Laparoscopic resection of deep infiltrating endometriosis (DIE) has been reported to be an effective method for reduction of endometriosis-associated pain. As its complications, bowel perforation, urinary tract injury and neurogenic bladder are well known; however, uterine vein rupture during pregnancy has not been reported previously. We encountered a case of hemoperitoneum resulting from uterine vein rupture at a delivery as a delayed consequence of laparoscopic resection of DIE. A 31-year-old, para 2 woman underwent laparoscopic resection of lateral pelvic peritoneum, uterosacral ligaments, and bilateral endometriomas, exposing uterine vessels, which we covered with fibrin glue. Endometriosis-associated pain disappeared, and then the patient conceived 4 months later. The course of pregnancy and induction of labor with controlled oxytocin infusion was uneventful, and the patient delivered a female baby without asphyxia. Immediately after delivery, low abdominal pain with hypotension occurred despite absence of abnormal vaginal bleeding. Ultrasonography and the blood hemoglobin value suggested hemorrhagic shock owing to hemoperitoneum; therefore emergency exploratory laparotomy was performed. Active bleeding was found at the right uterine vein, which was then sutured for hemostasis. The patient received a blood transfusion and recovered without any problems. The bleeding lesion was located at the vein on which the peritoneum had been removed at the first laparoscopy, which suggested that the operation for DIE included a risk of uterine vessel rupture during pregnancy.

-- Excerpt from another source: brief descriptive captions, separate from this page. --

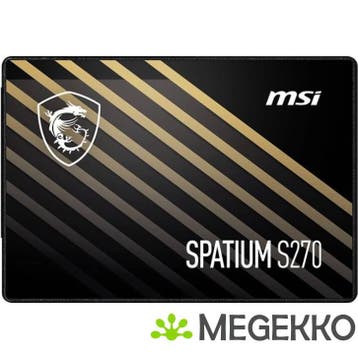 MSI Spatium S270 960GB, Computers en Software, Harde schijven, Verzenden, Nieuw
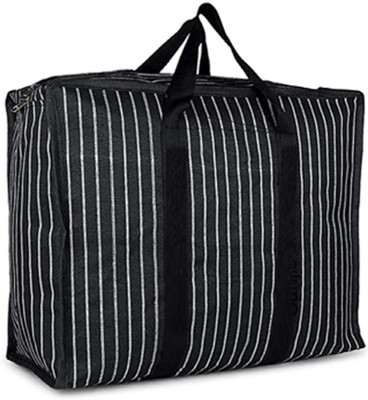 E SAP (Expandable) DC Canvas Bag (Black) 1Pcs_14 Duffel Without Wheels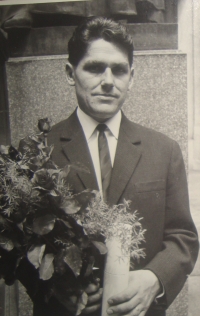 Jiří Kadeřábek, 1968, při promoci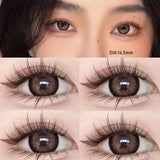 Qfdian 1 Pair Natural Colored Lenses for Eyes withchron baby Black Eyes Contacts Lens Beauty Pupil Yearly Use Fast Shipping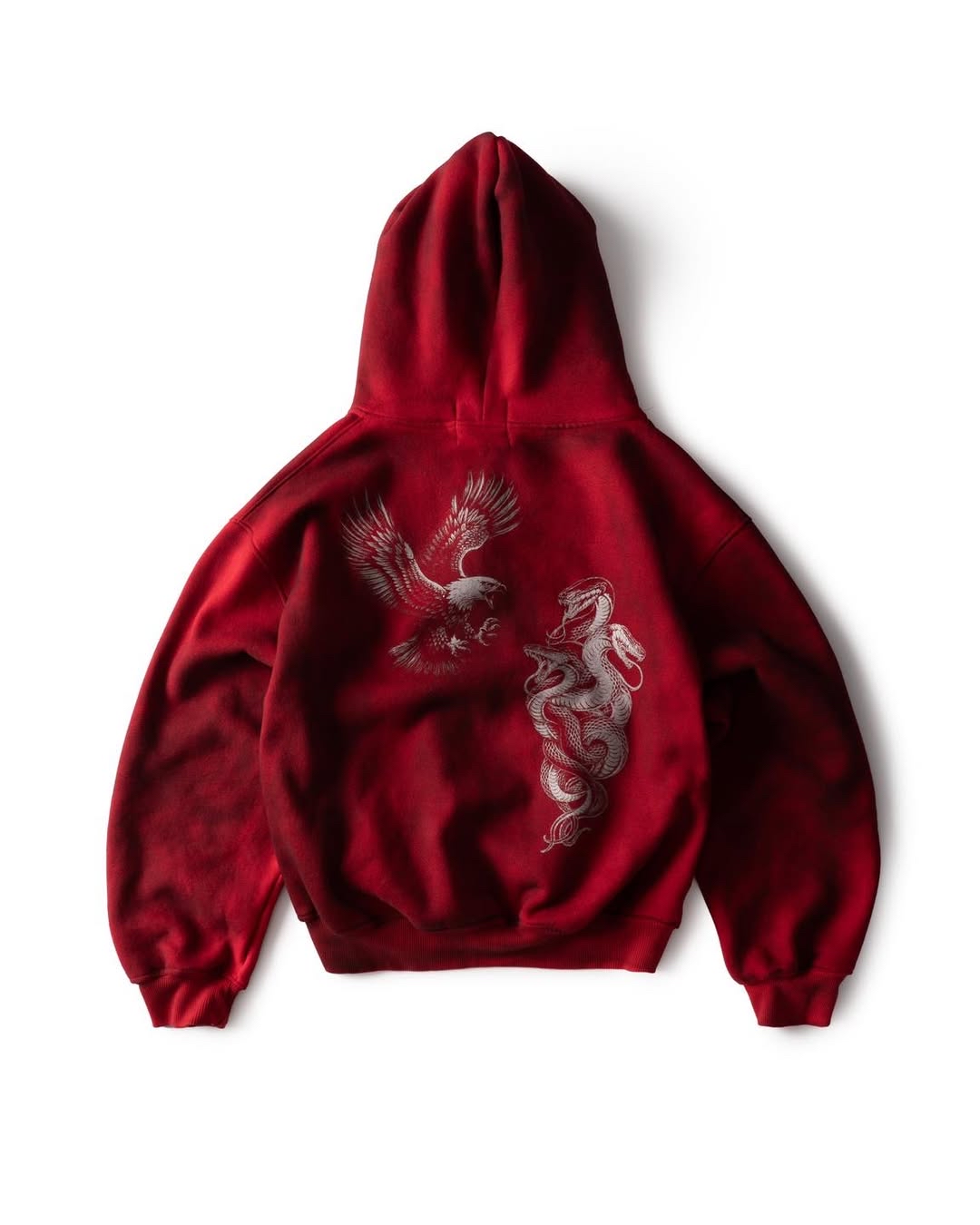 NOB WAX DIRT WHITE ZIP-UP HOODIE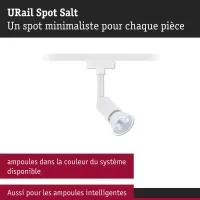 URail Spot sur rail Salt Spot individuel GU10 max. 10W gradable 230V Blanc signal - système d'accrochage et décoration - détail 7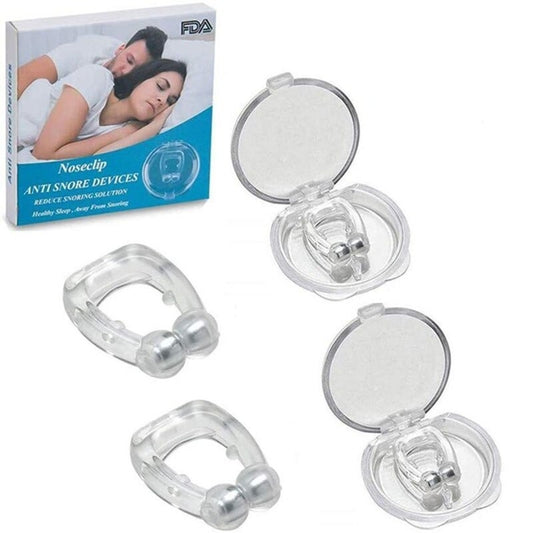 4 Pcs Silicone Magnetic Anti Snore Device Snorign Aids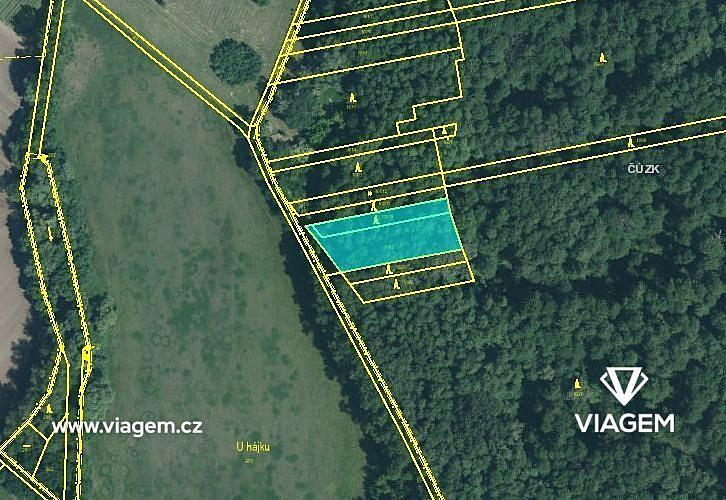 Les 1 746 m², Podíl 33 % o výměře 582 m² – pohled 3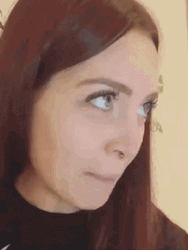 Lady Talking Facing The Phone GIF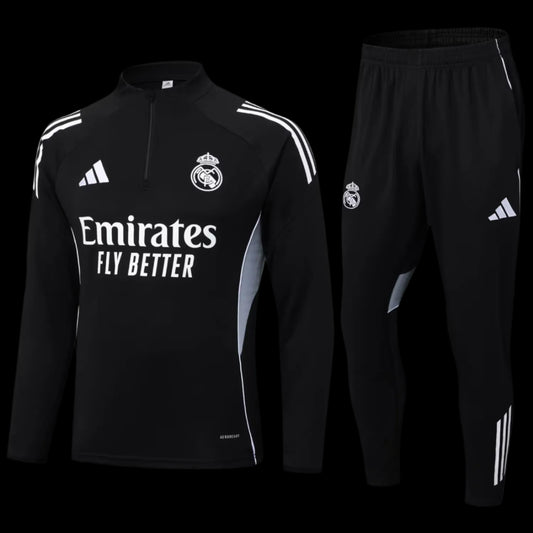 25/26 Real Madrid Black 1:1 Quality Training Jersey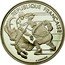 France 100 Francs Hockey 1991 Proof KM# 993 REPUBLIQUE FRANÇAISE J. JIMENEZ coin obverse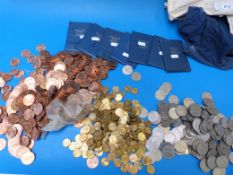 A large quantity of pre-decimal UK coina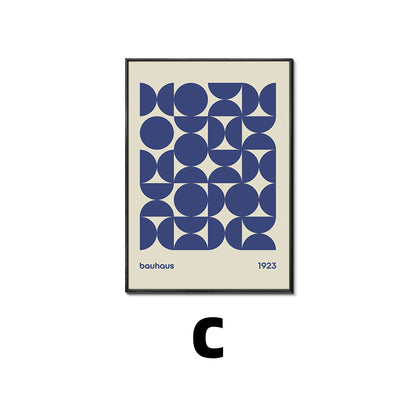 Bauhaus Geometric Wall Art Print Homeandso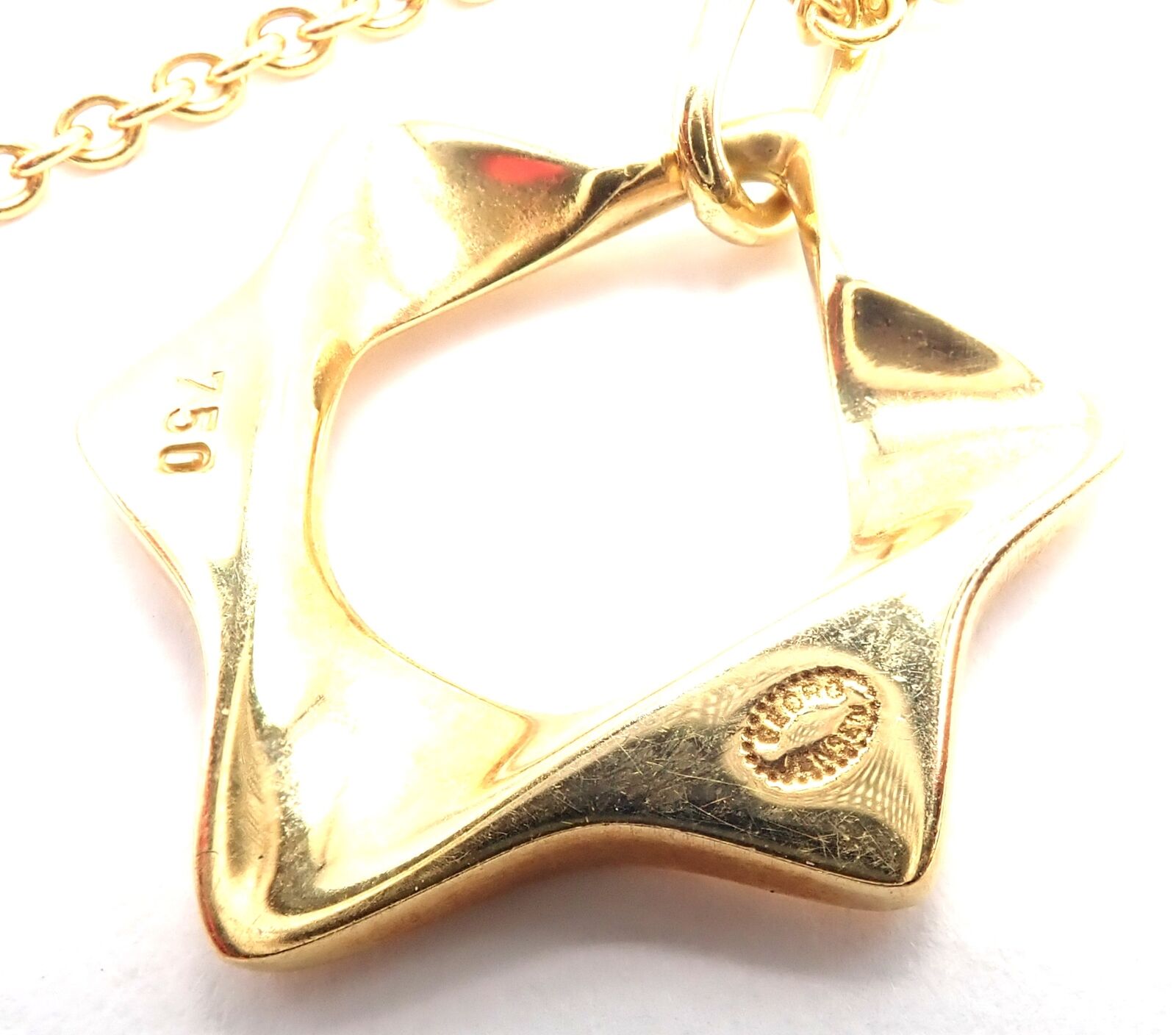 Authentic Georg Jensen 18k Yellow Gold Star of David Pendant Necklace - Elegant Jewish Jewelry for Hanukkah, Bar Mitzvah & Special Occasions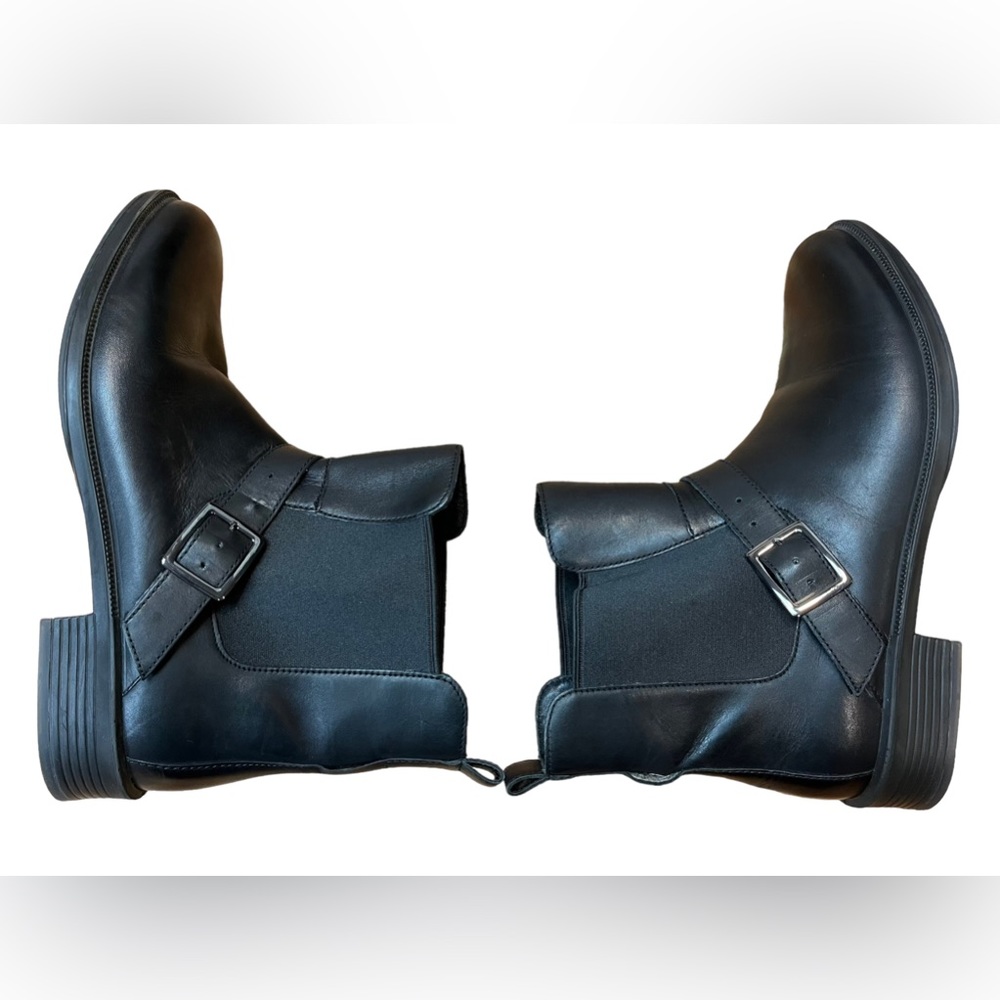 Black Ankle Boot Size 40 9.5 Umberto Raffini Tanya Slip On
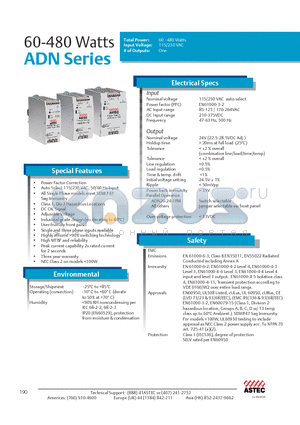 ADN10-24-1PM datasheet - 60-480 Watts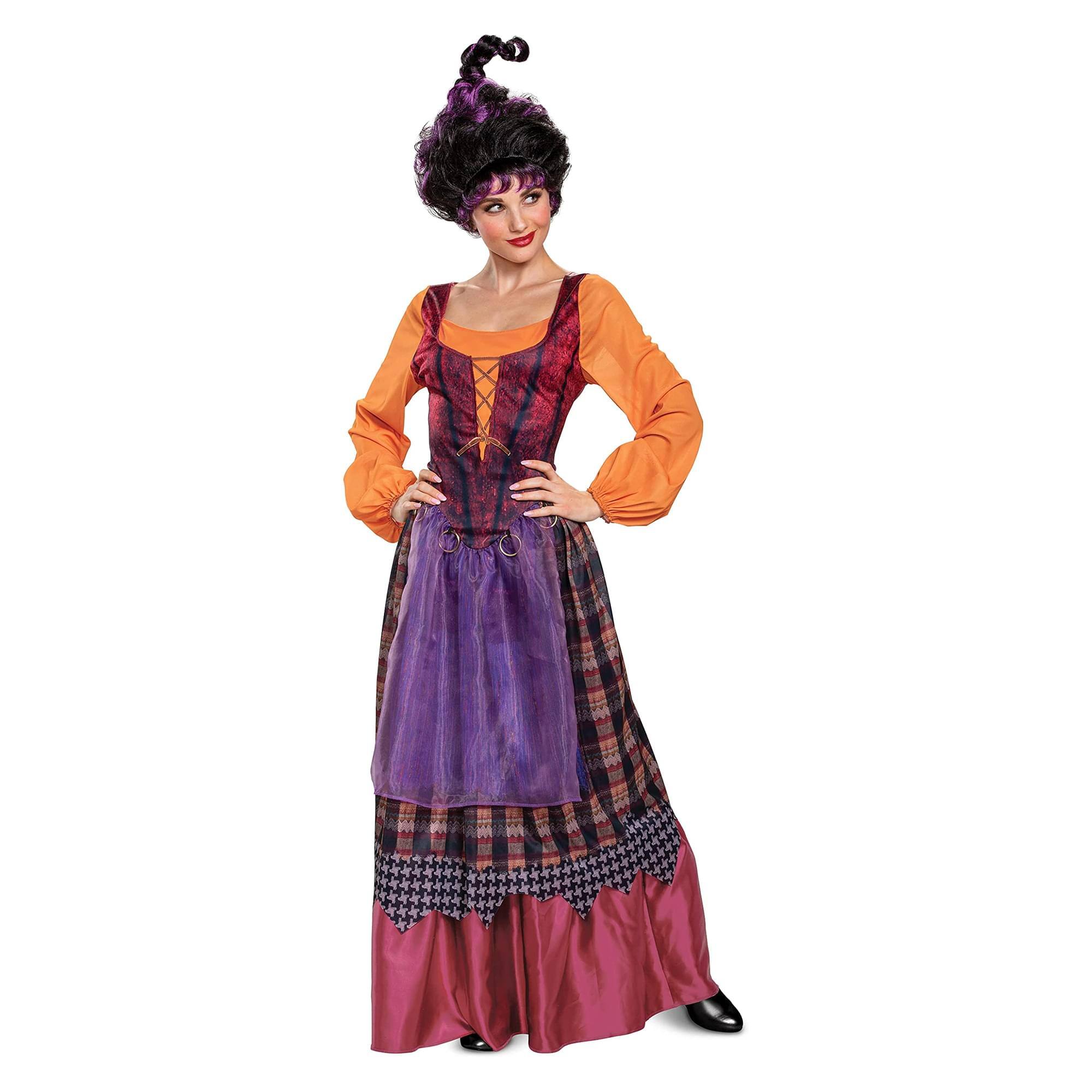 Disguise - Disney Hocus Pocus Mary Deluxe Adult Costume | Medium (8-1) - Purple price history on PriceWatchPro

据报道,腹腔镜切除深部浸润性子宫内膜异位症(DIE)是减轻子宫内膜异位症相关疼痛的有效方法。其并发症如肠穿孔、尿路损伤和神经源性膀胱已为人熟知;然而,妊娠期间子宫静脉破裂此前尚未见报道。我们遇到一例因腹腔镜切除DIE的延迟后果导致分娩时子宫静脉破裂引起的腹腔内出血病例。一名31岁、孕2产的女性接受了腹腔镜下盆腔侧腹膜、子宫骶韧带和双侧子宫内膜瘤切除术,术中暴露了子宫血管,并用纤维蛋白胶覆盖。子宫内膜异位症相关疼痛消失,4个月后患者怀孕。妊娠过程及使用缩宫素静脉滴注引产过程顺利,患者分娩出一名无窒息的女婴。分娩后立即出现下腹部疼痛伴低血压,尽管阴道无异常出血。超声检查和血红蛋白值提示因腹腔内出血导致失血性休克;因此进行了急诊剖腹探查术。发现右侧子宫静脉有活动性出血,随后进行缝合止血。患者接受输血后顺利康复。出血部位位于首次腹腔镜手术时切除腹膜的静脉处,这表明DIE手术存在妊娠期间子宫血管破裂的风险。